### WHAT YOU HAVE TO DO
Repeat the listing below in full and exactly, but without its pictures.

DATA SHOWN: Begin

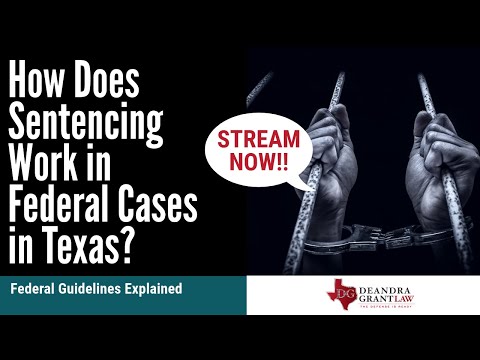 How Does Sentencing Work in Federal Cases in Texas? Federal Guidelines Explained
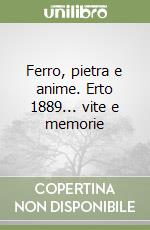 Ferro, pietra e anime. Erto 1889... vite e memorie libro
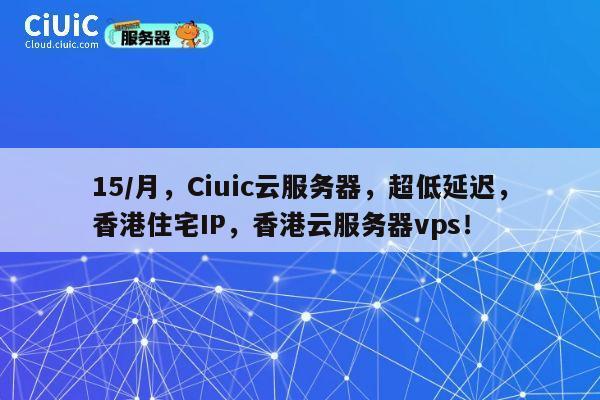 15/月,Ciuic云服务器,超低延迟,香港住宅IP,香港云服务器vps! 第1张 15/月,Ciuic云服务器,超低延迟,香港住宅IP,香港云服务器vps! 第1张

DATA SHOWN: End

### PROBLEM SOLUTION
 How Does Sentencing Work in Federal Cases in Texas? Federal Guidelines Explained
 Ferro, pietra e anime. Erto 1889... vite e memorie libro
 15/月,Ciuic云服务器,超低延迟,香港住宅IP,香港云服务器vps! 第1张 15/月,Ciuic云服务器,超低延迟,香港住宅IP,香港云服务器vps! 第1张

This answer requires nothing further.